I say, Microsoft has not been agile since DOS days. I used to call Microsoft and get someone that actually made a fix to code within two or three days. The last time I called was a couple years ago. She barely spoke English so I added an especially southern drawl to everything I said. Finally she had a supervisor call me the next day. (That was strange.) The supervisor hadn't a clue - I can't even recall the topic it's been so long ago. In other words, calling Microsoft has become a joke - even if you have your credit card handy!

If Michael Kaplan has the interest in an Open Source feature, I'm sure the Open Source world would be happy to consider his updates or the updates he funds would be considered for inclusion in future Open Source releases. Please make sure none of that crappy Microsoft code gets into the contributed code. Those donkeys at Microsoft likely stole most of their code from UNIX anyway. Then they turn around and claim ownership.

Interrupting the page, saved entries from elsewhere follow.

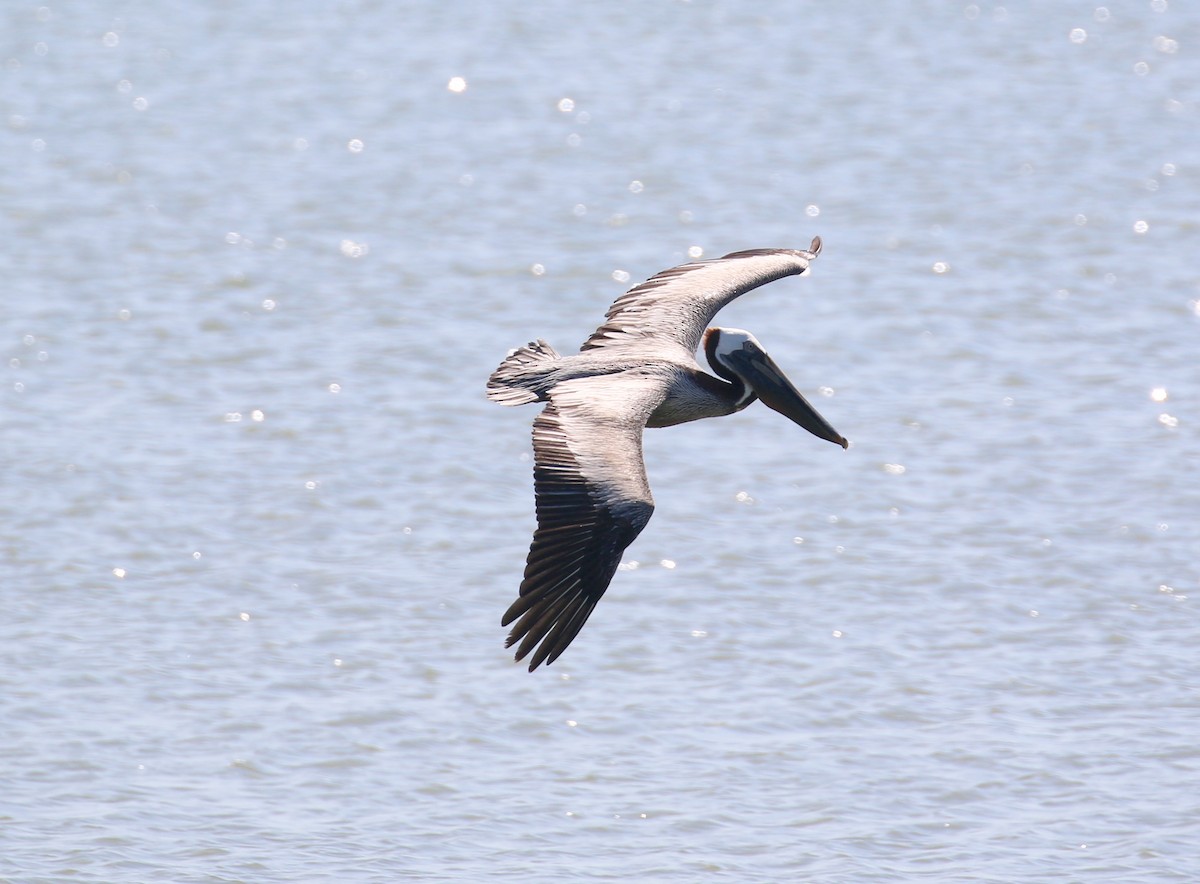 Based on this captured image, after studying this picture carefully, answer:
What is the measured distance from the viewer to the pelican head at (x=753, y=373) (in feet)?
27.0

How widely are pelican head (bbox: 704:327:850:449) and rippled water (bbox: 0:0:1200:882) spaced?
1.72m

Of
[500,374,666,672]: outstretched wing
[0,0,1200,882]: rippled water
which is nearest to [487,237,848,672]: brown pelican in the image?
[500,374,666,672]: outstretched wing

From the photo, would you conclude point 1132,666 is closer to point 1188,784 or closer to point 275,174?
point 1188,784

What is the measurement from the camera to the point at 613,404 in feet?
23.4

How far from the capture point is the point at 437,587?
1070 centimetres

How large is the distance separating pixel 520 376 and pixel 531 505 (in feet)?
13.4

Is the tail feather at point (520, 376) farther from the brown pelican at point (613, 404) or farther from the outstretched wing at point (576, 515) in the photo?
the outstretched wing at point (576, 515)

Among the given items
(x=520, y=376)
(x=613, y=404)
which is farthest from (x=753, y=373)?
(x=613, y=404)

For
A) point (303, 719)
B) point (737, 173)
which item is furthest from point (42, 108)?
point (303, 719)

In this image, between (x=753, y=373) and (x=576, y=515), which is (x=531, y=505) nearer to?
(x=753, y=373)

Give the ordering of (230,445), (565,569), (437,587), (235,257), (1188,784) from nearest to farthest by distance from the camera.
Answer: (565,569) → (1188,784) → (437,587) → (230,445) → (235,257)

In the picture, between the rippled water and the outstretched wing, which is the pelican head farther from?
the rippled water

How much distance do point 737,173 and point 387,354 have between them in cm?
609

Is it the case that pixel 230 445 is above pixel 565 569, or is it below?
below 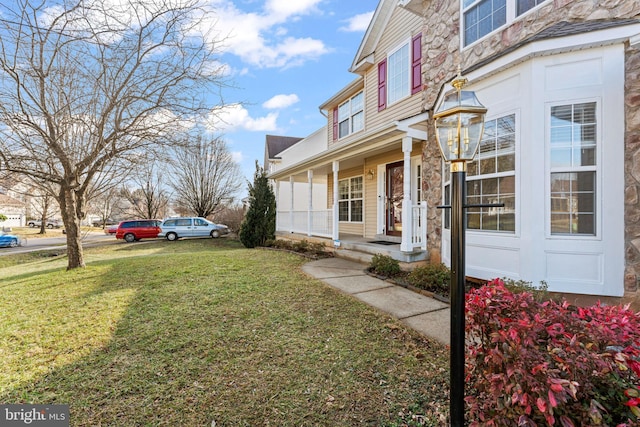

I've bought hundreds of Microsoft packages in the past. Never again! I would fire anyone that put Vista on their machine. XP almost got stability correct after two major updates and many subsequent monthly fixes. Let's enum: a few DOS versions, Windows 3.1, Windows 95, Windows 98, Windows ME and Windows XP. Did I miss any? Is that 20 years of failure before an almost stable OS was created?

Incredible!